Ces membres de l’administration Trump ont dit avoir terminé de travailler sur le plan et œuvrent désormais sur sa mise en oeuvre, sans pour autant annoncer un calendrier.

Avant même la diffusion du plan, l’Autorité palestinienne, qui boycotte l’administration, a rejeté les tentatives visant à relancer les pourparlers.

Mercredi soir, le président de l’Autorité palestinienne Mahmoud Abbas a attaqué l’administration Trump sur ses propositions d’aide humanitaire dans la bande de Gaza. Dans un discours prononcé à Ramallah, Abbas a déclaré au sujet de l’équipe de Trump : « je jure devant dieu, ce sont des menteurs ».

Il les a également accusés de promouvoir l’aide humanitaire à Gaza pour servir leurs propres intérêts, et non pas par désir authentique d’améliorer la qualité de vie des Palestiniens.

La frustration du leader palestinien vis-à-vis de la Maison Blanche remonte au mois de décembre, quand Trump a officiellement reconnu Jérusalem comme capitale d’Israël et mis en marche les procédures pour y transférer l’ambassade américaine. Le nouveau complexe a été inauguré en mai.

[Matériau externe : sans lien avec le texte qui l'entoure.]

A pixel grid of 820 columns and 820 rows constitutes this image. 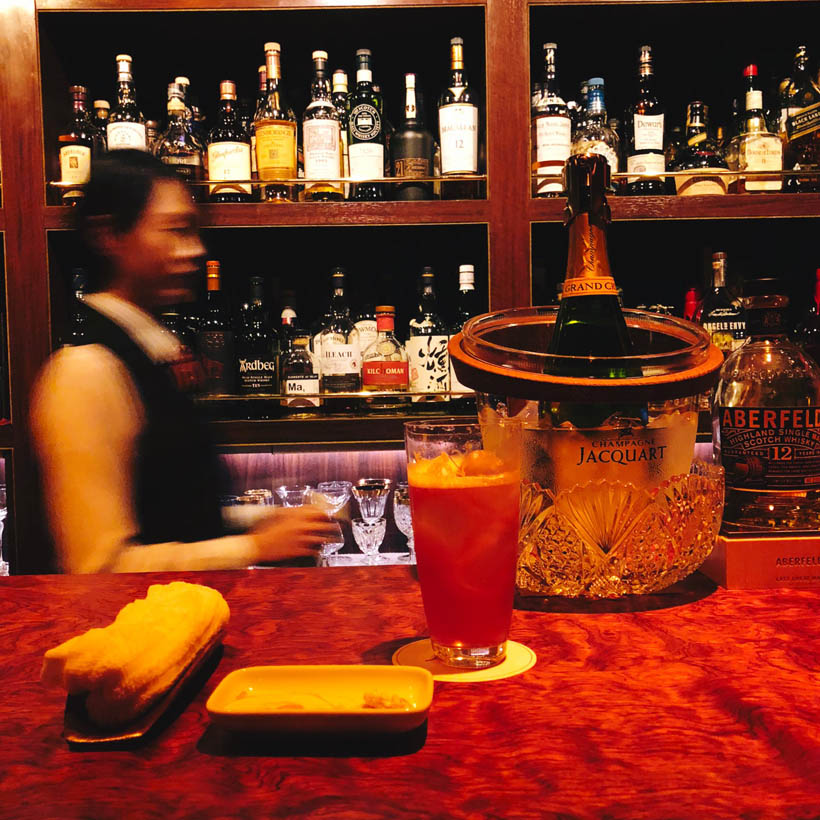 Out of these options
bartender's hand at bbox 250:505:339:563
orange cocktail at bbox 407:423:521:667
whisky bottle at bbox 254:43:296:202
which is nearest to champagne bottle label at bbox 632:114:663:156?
whisky bottle at bbox 254:43:296:202

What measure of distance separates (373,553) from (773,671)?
123cm

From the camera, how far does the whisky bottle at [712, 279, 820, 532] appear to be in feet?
2.48

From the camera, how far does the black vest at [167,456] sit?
151cm

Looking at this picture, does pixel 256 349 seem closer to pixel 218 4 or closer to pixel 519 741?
pixel 218 4

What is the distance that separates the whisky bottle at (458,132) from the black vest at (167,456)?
81 centimetres

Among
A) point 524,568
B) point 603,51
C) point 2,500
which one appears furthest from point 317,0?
point 524,568

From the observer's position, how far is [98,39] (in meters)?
1.90

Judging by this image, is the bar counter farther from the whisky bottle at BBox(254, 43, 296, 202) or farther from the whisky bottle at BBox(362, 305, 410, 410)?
the whisky bottle at BBox(254, 43, 296, 202)

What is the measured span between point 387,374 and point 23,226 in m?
0.92

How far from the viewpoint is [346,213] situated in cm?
180

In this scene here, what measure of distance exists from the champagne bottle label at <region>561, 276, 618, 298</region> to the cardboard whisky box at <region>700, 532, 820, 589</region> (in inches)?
11.4

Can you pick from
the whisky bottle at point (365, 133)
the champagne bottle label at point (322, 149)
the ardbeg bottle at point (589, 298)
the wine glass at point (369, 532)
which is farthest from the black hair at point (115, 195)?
the ardbeg bottle at point (589, 298)

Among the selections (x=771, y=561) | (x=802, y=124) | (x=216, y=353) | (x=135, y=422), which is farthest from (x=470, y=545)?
A: (x=802, y=124)

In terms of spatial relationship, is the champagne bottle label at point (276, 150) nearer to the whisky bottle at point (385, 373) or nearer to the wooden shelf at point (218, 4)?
the wooden shelf at point (218, 4) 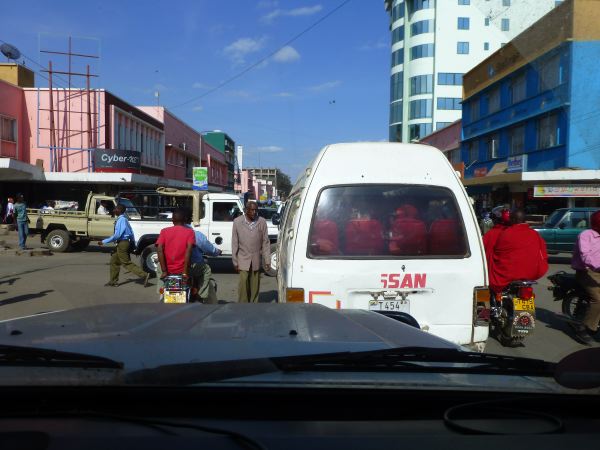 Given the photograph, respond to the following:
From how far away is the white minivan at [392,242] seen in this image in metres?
4.12

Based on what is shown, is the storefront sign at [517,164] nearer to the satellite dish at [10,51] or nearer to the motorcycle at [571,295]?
the motorcycle at [571,295]

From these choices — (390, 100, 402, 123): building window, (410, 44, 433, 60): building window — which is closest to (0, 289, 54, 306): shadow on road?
(390, 100, 402, 123): building window

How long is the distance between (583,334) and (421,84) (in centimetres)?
6004

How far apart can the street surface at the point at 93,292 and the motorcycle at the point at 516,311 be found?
26 centimetres

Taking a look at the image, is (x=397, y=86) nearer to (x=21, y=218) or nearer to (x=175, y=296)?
(x=21, y=218)

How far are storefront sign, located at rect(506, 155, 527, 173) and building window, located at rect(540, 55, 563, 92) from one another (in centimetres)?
390

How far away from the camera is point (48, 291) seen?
9.95 m

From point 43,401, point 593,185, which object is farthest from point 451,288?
point 593,185

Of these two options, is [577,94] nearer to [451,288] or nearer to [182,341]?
[451,288]

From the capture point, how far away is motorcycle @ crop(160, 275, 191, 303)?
19.5ft

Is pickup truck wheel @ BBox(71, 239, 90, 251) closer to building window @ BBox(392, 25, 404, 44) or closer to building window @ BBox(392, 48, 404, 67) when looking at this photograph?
building window @ BBox(392, 48, 404, 67)

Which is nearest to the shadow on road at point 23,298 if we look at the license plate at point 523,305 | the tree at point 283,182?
the license plate at point 523,305

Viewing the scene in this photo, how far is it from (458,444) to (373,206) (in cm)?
322

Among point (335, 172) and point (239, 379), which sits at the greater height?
point (335, 172) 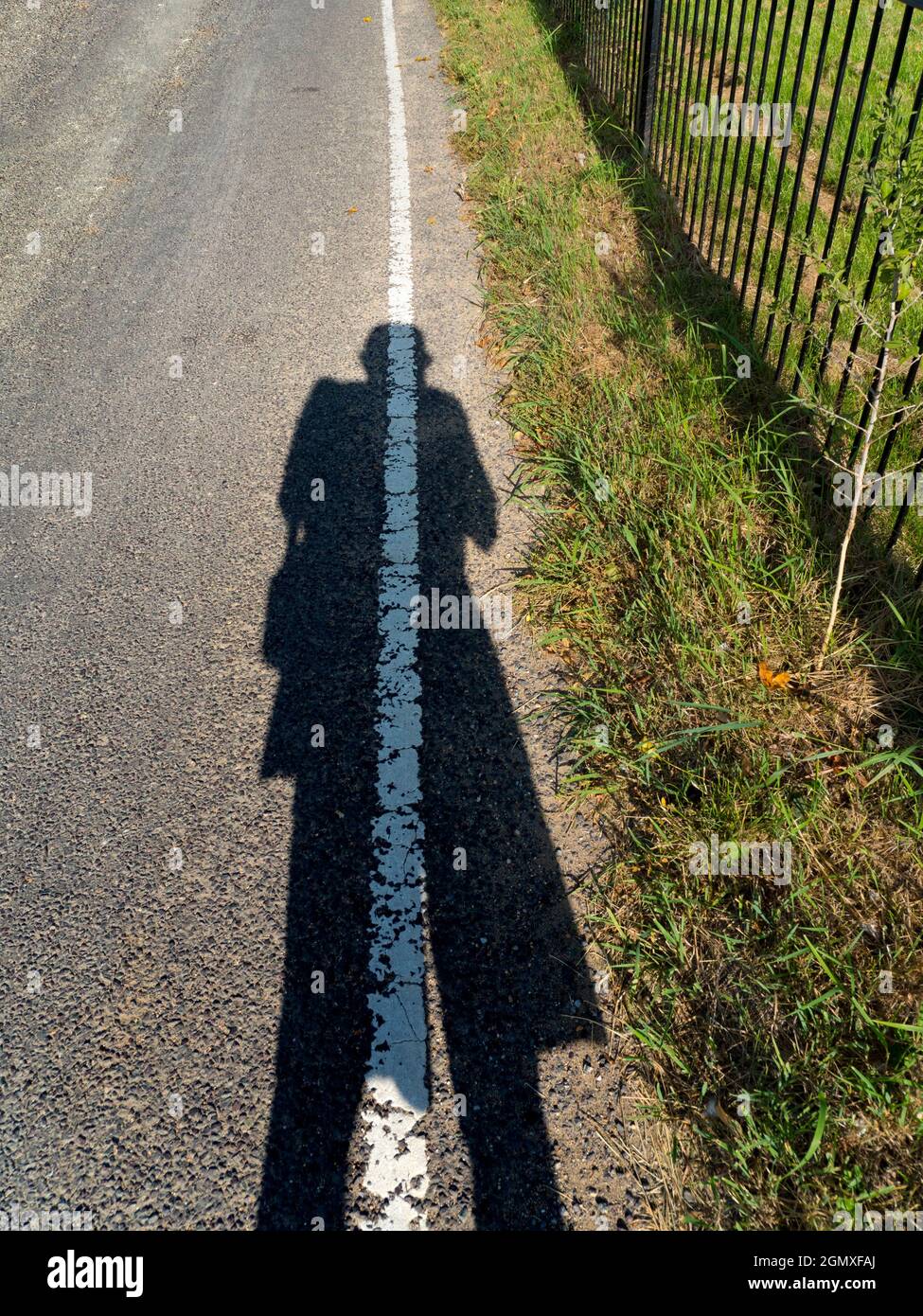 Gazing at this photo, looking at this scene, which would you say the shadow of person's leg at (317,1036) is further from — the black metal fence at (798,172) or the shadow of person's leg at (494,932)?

Le président de l’Autorité palestinienne Mahmoud Abbas prononce un discours le 15 août 2018. (Crédit : WAFA)

Depuis l’annonce de Trump, les responsables de l’AP ont refusé de rencontrer les membres du cabinet de Trump, affirmant qu’ils ont perdu leur capacité à agir en médiateur honnête dans les négociations.

Néanmoins, l’équipe de Trump chargée de constituer le plan de pays a poursuivi ses efforts pour développer un plan afin de parvenir à « l’accord ultime » de Trump.

Cependant, les relations américano-palestiniennes se sont dégradées. En janvier, la Maison Blanche a annoncé qu’elle retiendrait 65 millions de dollars en aide à l’UNRWA, une mesure punitive pour sanctionner le refus d’Abbas à travailler avec l’administration suite à la décision sur le statut de Jérusalem.

« Nous payons aux Palestiniens DES CENTAINES DE MILLIONS DE DOLLARS par an et nous n’obtenons ni appréciation ni respect », avait écrit Trump sur Twitter le 3 janvier.

Il y a deux semaines cependant, Washington a versé des millions de dollars d’aides gelées à l’Autorité palestinienne. Les responsables à la Maison Blanche ont assuré que ces fonds étaient uniquement alloués à la coopération sécuritaire israélo-palestinienne, et que les autres aides font encore l’objet d’un examen.